Help Needed with Importing BKRS Chinese-Russian Dictionary

kasim

举人
Hello Pleco Community,


I am experiencing difficulties with importing the BKRS dictionary (the largest Chinese-Russian dictionary available) into the Pleco app and am hoping for some guidance. Here’s a breakdown of the issues and my setup:


1. Dictionary Structure and Import Settings(Settings before importing 1; 2.PNG, BKRS Sample Text.PNG, Settings that I have no clue what they change.PNG):

The BKRS file is structured with fields for Chinese characters, Pinyin, and definitions in Russian. From my attempts, I understand that the first field for Chinese characters should be set to ‘Simplified’, and the second field for Pinyin should be set as ‘Mandarin’. However, I encountered a problem with making the Russian definitions searchable. Initially setting the third field to ‘English’ didn't allow searches in Russian. Changing the setting to ‘Entry body' made it searchable but led to display issues across devices.
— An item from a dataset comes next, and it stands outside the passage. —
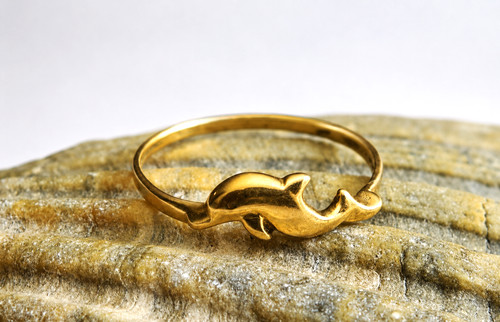 Bague dauphin ct 750 - ct,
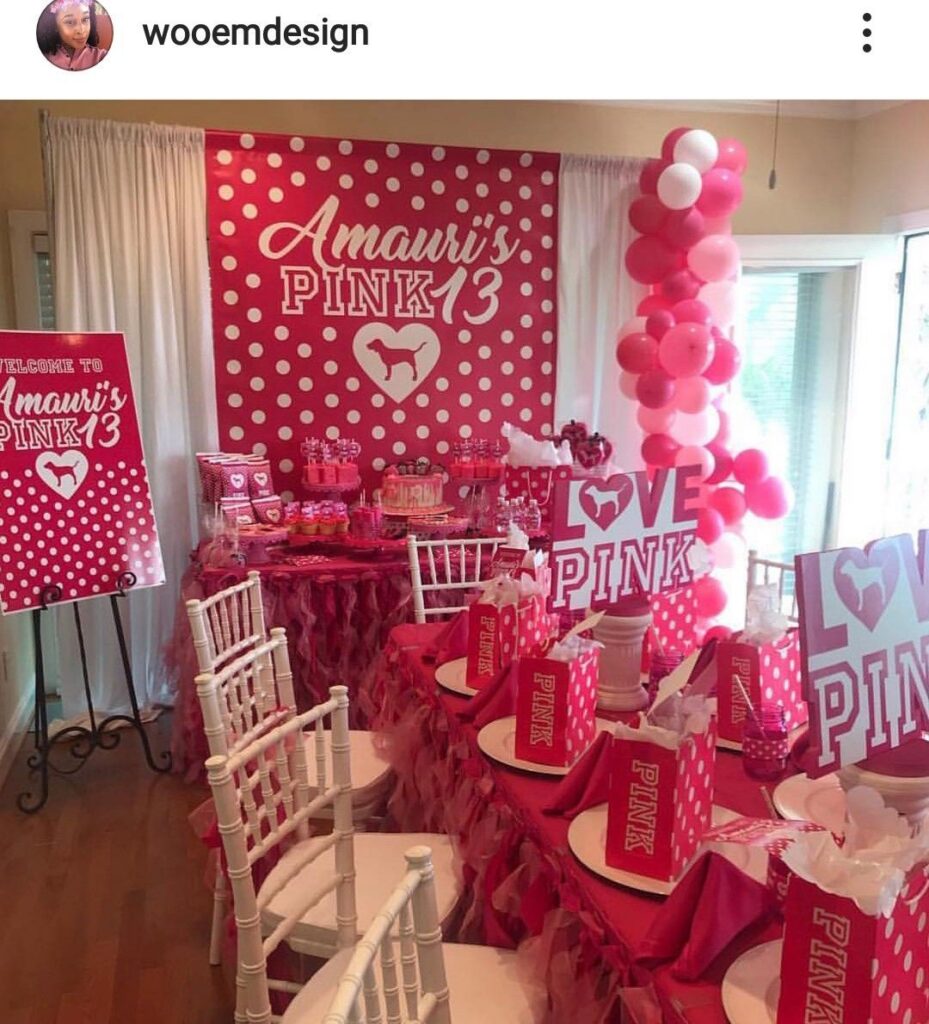 Love Pink Victorias Secret Day Partyhappy Hour Bab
2. Display Inconsistencies Across Devices (3 screenshots - Display Inconsistencies iPad, iPad 2, iPhone):

When I configure the output to 'entry body', the dictionary appears differently on my devices. On my iPhone, dictionary entries show up as empty(), and on my iPad, Russian definitions incorrectly appear as Pinyin. It seems there may be a misinterpretation or mishandling of the data.
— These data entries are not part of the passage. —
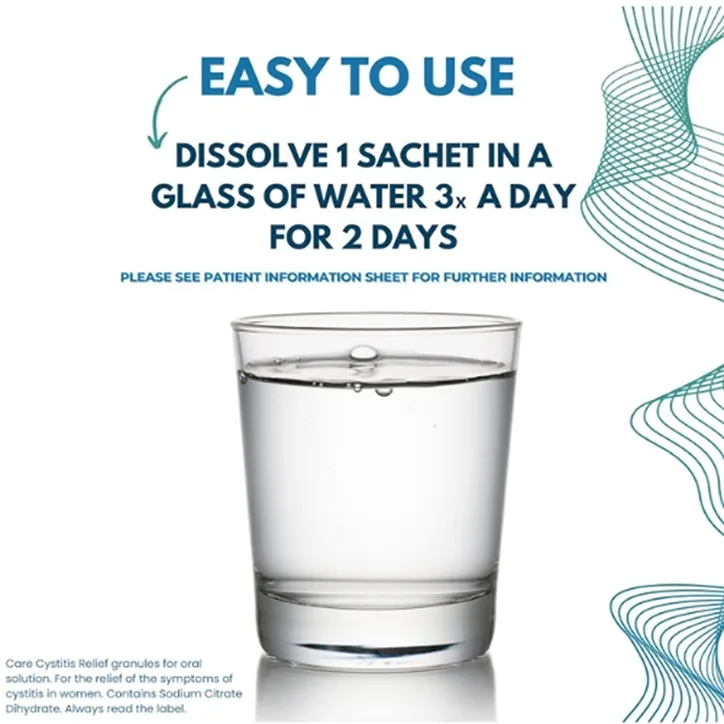 Care Cystitis Relief 4g Granules for Oral Solution detail 2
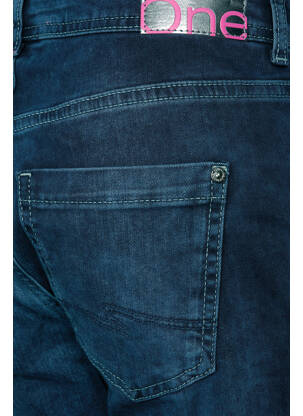 Jeans boyfriend bleu STREET ONE femme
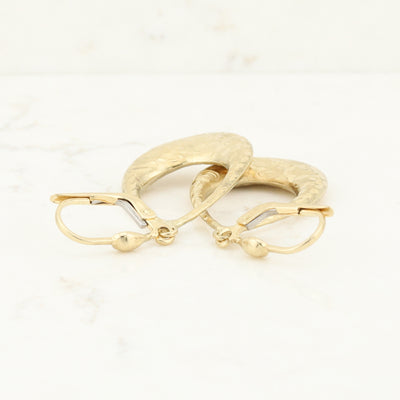 Yellow Gold Drop Earrings
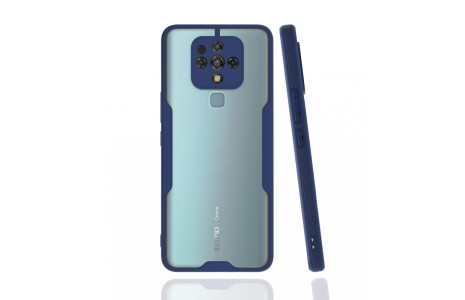 Newface Tecno Camon 16 Kılıf Platin Silikon - Lacivert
3. Potential Bugs with Column Settings:


I've noticed potential bugs in how settings are managed within the app. For example, changing the setting 'split to second field' resets previous settings for the columns back to default. Additionally, under 'output to field' set to Mandarin, the 'parse as' options for tone numbers and symbols seem to be reversed: selecting tone marks displays numbers and vice versa.


I am also including a video and screenshots of my settings to better illustrate these issues. I am also sending an extract from the dictionary for you guys to see whether the file is corrupted or has formatting issues(whole file is too big to upload on a website). I’ve been working to resolve this for hours with no success and would greatly appreciate any help or suggestions from the community.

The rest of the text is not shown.